::: STUDY MATERIAL :::

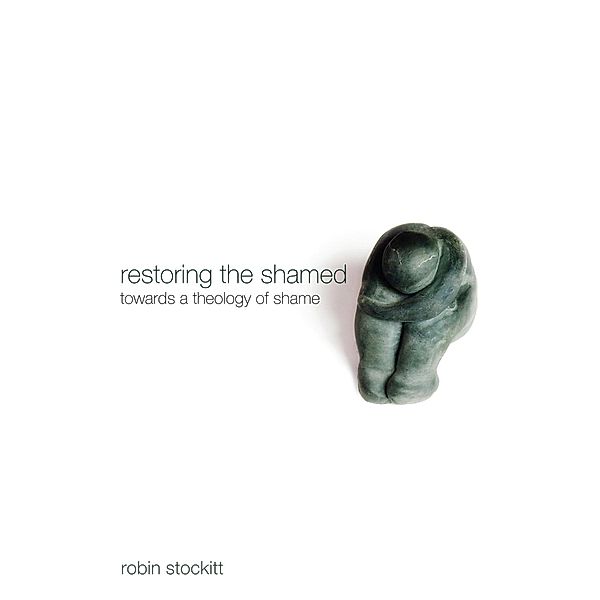 Restoring the Shamed, Robin Stockitt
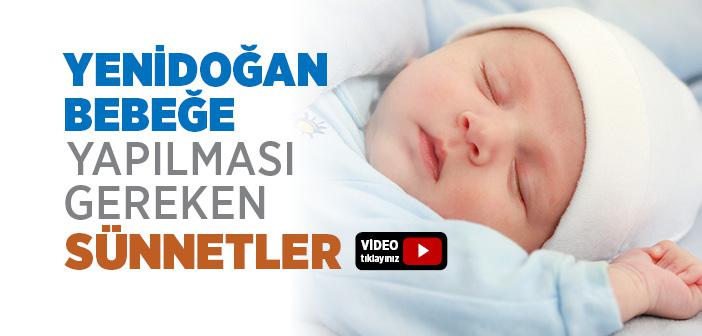 Yenidoğan Bebeğe Yapılması Gereken Dini Vecibeler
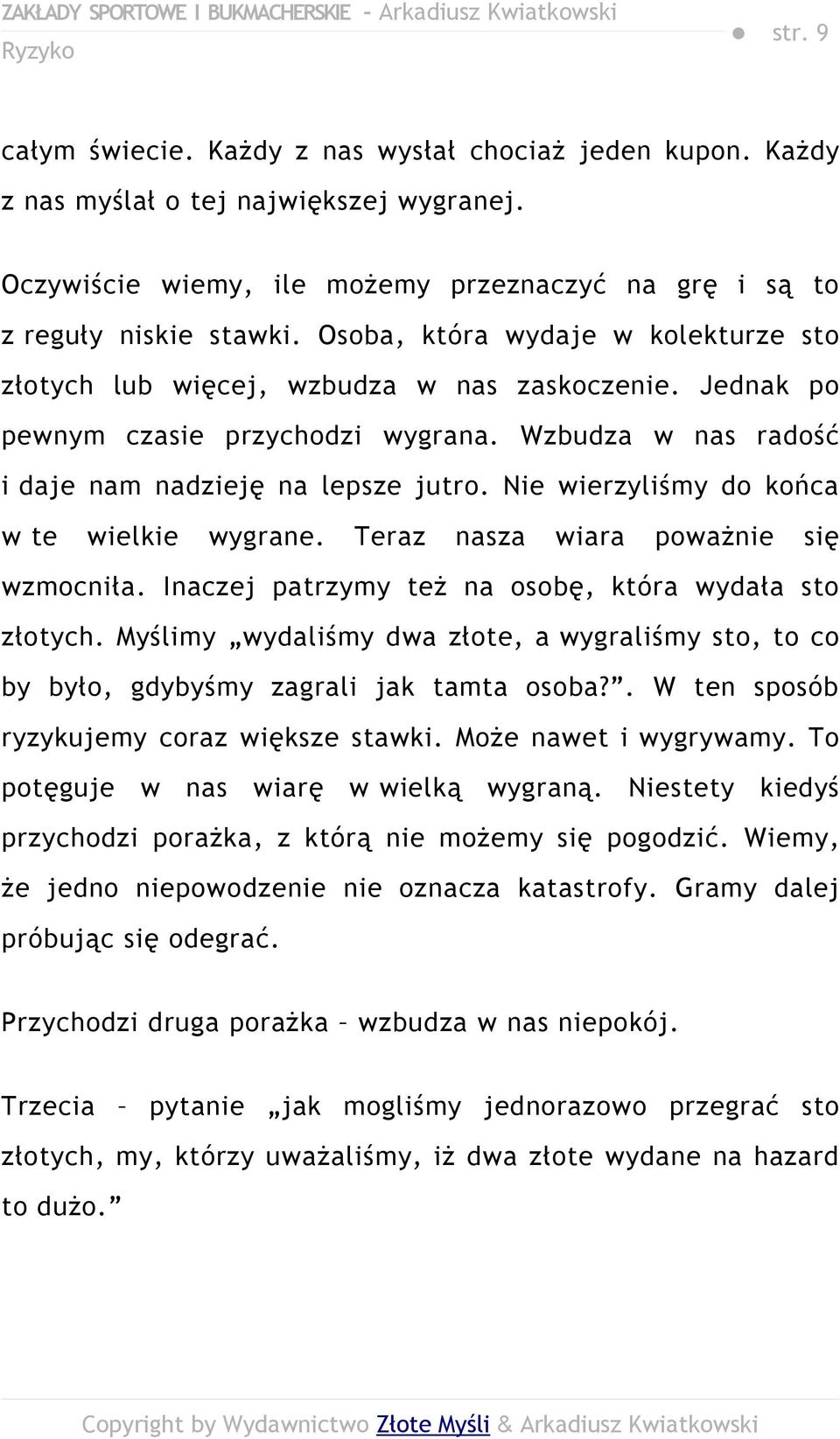 Nie wierzyliśmy do końca w te wielkie wygrane. Teraz nasza wiara poważnie się wzmocniła. Inaczej patrzymy też na osobę, która wydała sto złotych.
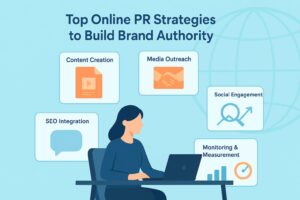 Top Online PR Strategies to Build Brand Authority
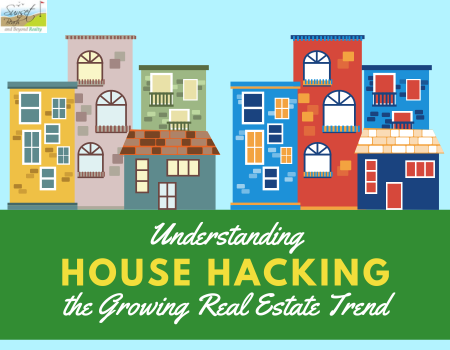 Understanding House Hacking - The Growing Real Estate Trend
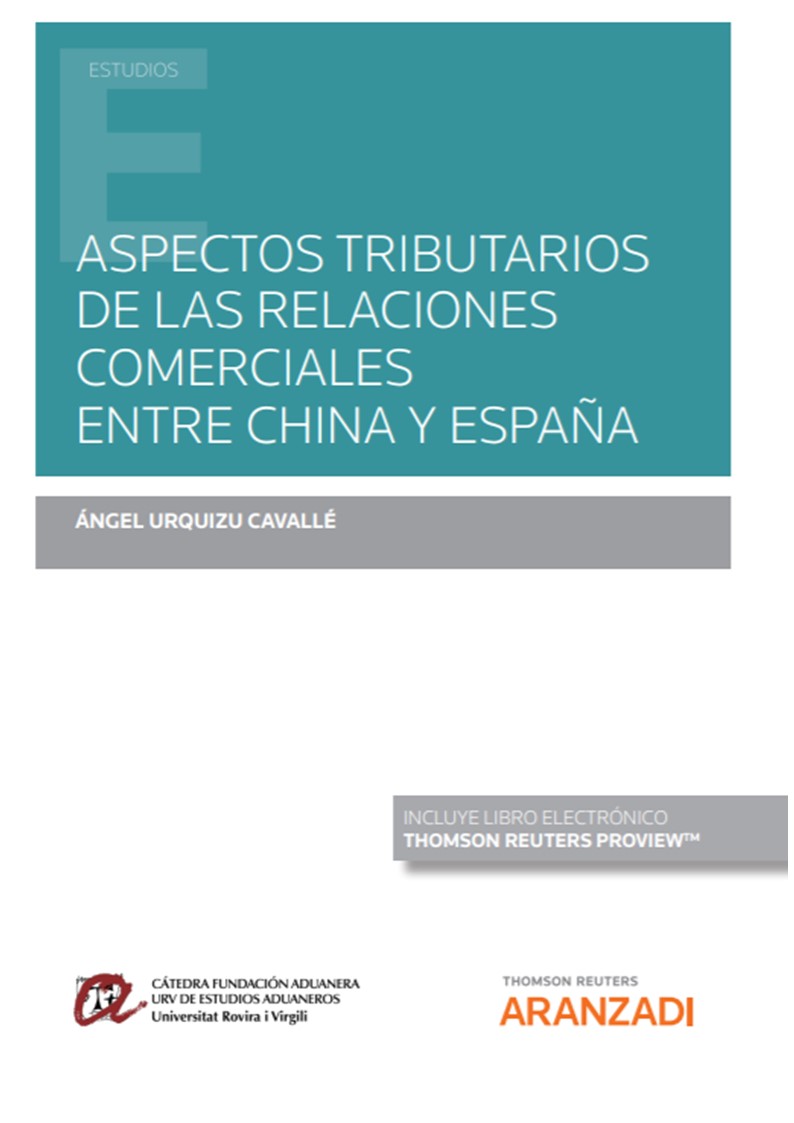 Aspectos tributarios de las relaciones comerciales entre China y España. 9788413910697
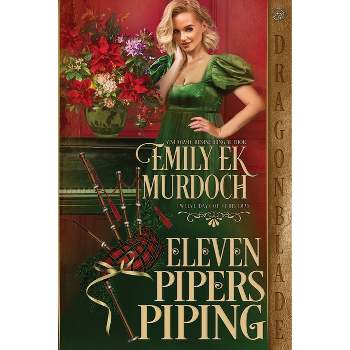 Eleven Pipers Piping - (Twelve Days of Christmas) by  Emily Ek Murdoch (Paperback)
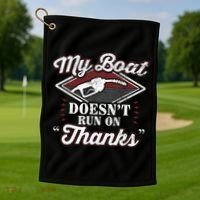 My Boat Doesnt Run On Thanks Motorboat Ship Yacht Golf Towel thumb 1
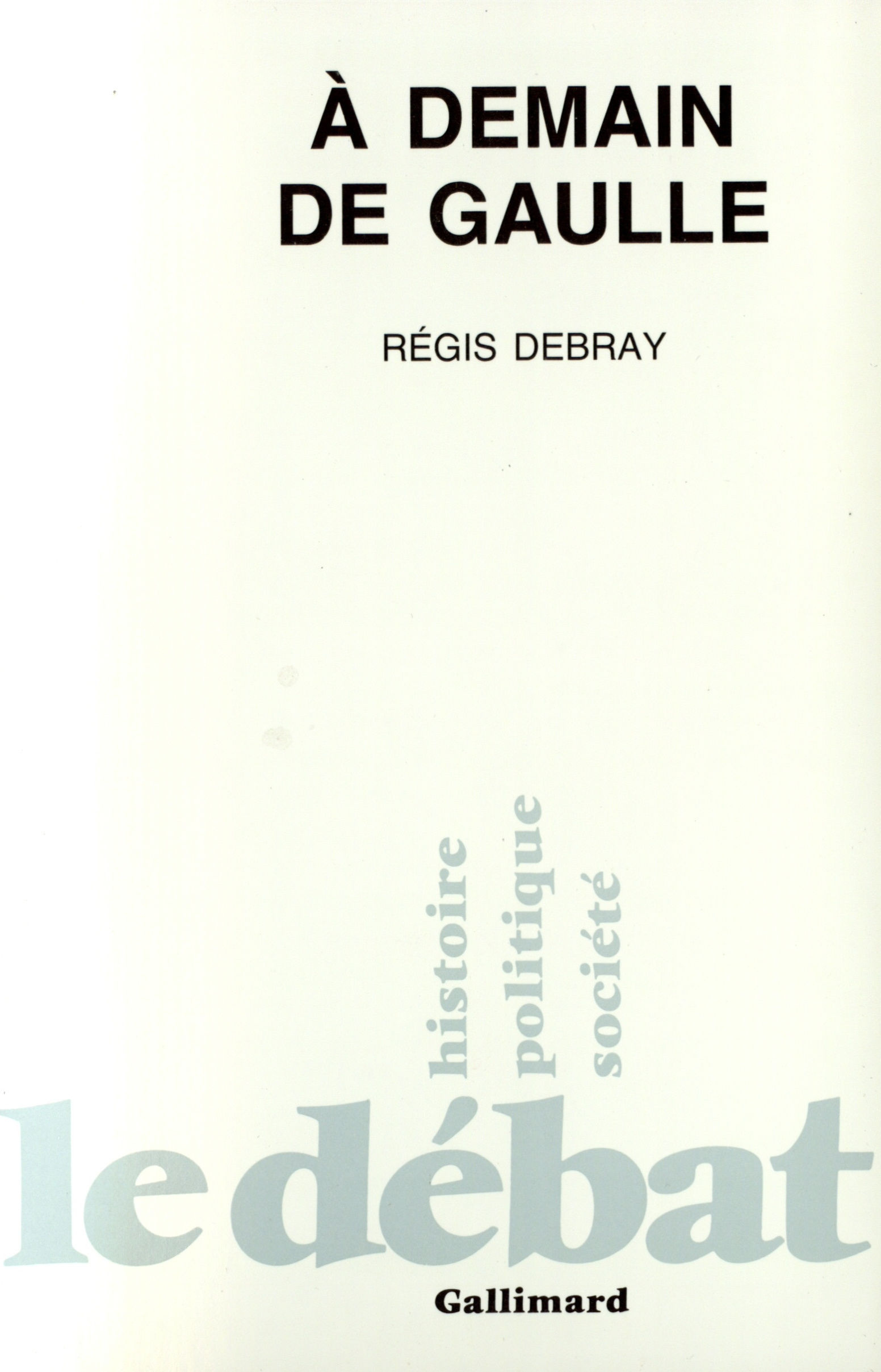À demain de Gaulle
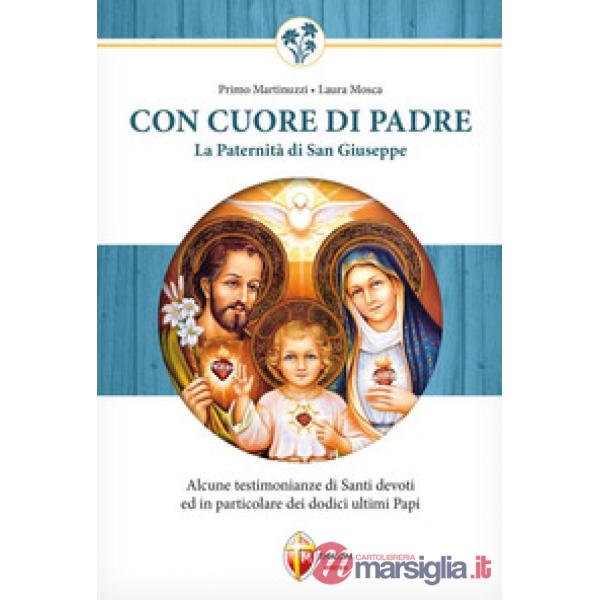 Con cuore di Padre. La paternità di San Giuseppe. Alcune testimonianze di santi devoti ed in particolare dei dodici ultimi papi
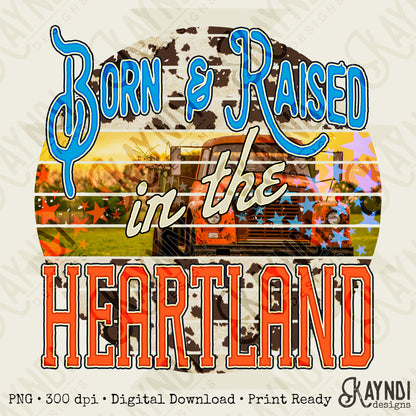 Born and Raised in the Heartland Sublimation Design PNG Digital Download Printable Farm Tractor Stars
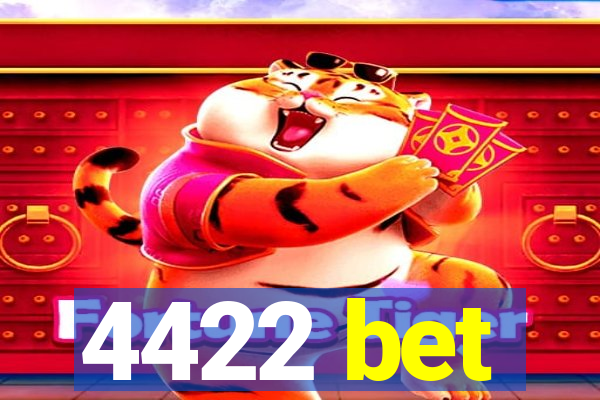 4422 bet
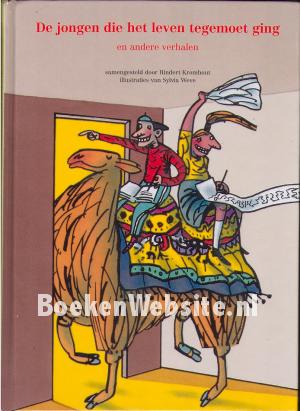 De jongen die het leven tegemoet ging De jongen die het leven tegemoet ging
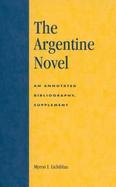 The Argentine Novel An Annotated Bibliography cover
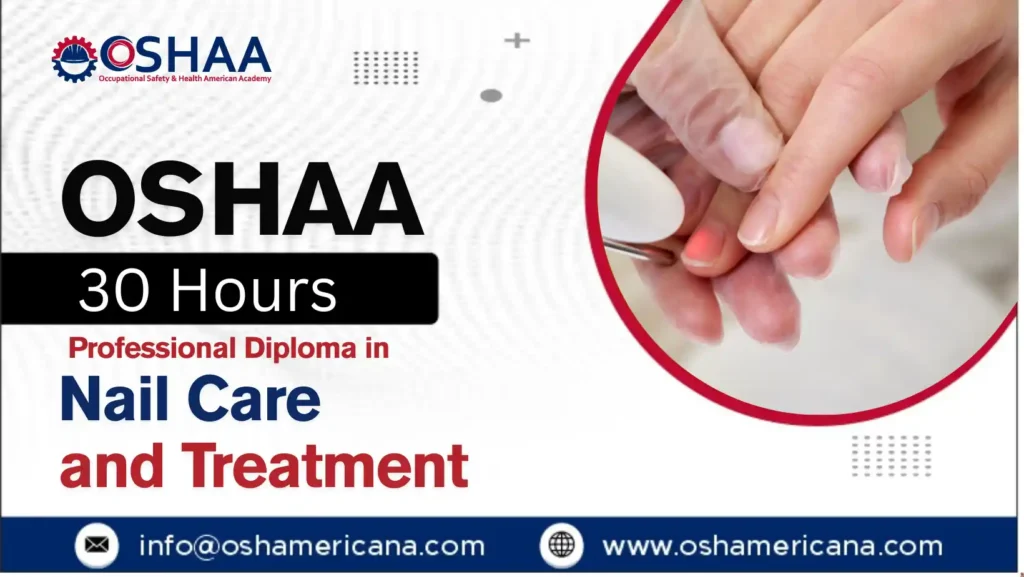 OSHAA 30-Hours Professional Diploma in Nail Care and Treatment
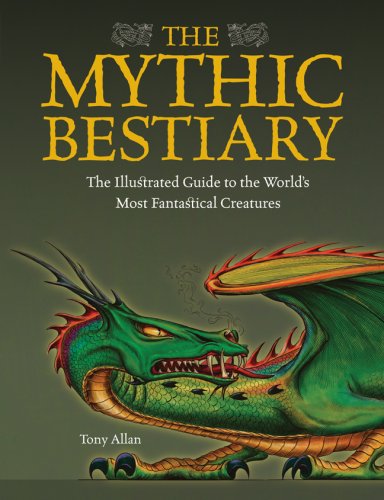 The Mythic Bestiary: The Illustrated Guide to the World's Most Fantastical Creatures by Tony Allan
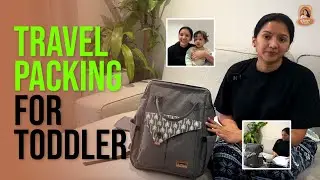 How to Pack a Baby Bag for a Long Flight | Toddler essentials for India Trip | தமிழ்
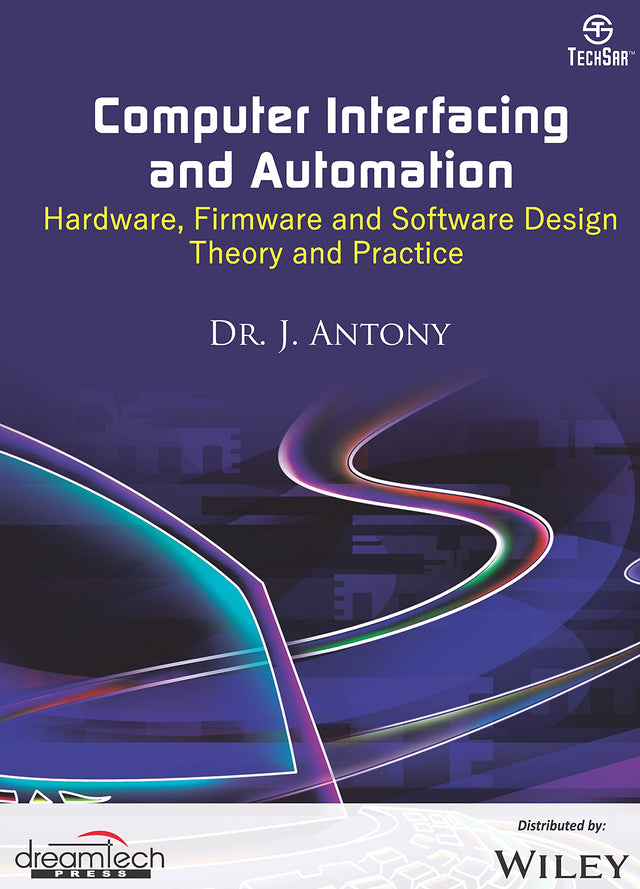 Computer Interfacing and Automation : Hardware, Firmware and Software Design Theory and Practice | e - Retail Maharaj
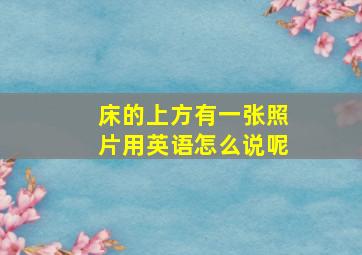 床的上方有一张照片用英语怎么说呢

:::

> **WHAT TO PRODUCE**: Would you please reproduce the entries above, starting at the line with "The Argentine Novel" and stopping after the line with "How to Pack"? Omit any pictures.

> **ANSWER TO THIS TASK**:
 The Argentine Novel An Annotated Bibliography cover
 OSHAA 30-Hours Professional Diploma in Nail Care and Treatment
 The Mythic Bestiary: The Illustrated Guide to the World's Most Fantastical Creatures by Tony Allan
 How to Pack a Baby Bag for a Long Flight | Toddler essentials for India Trip | தமிழ்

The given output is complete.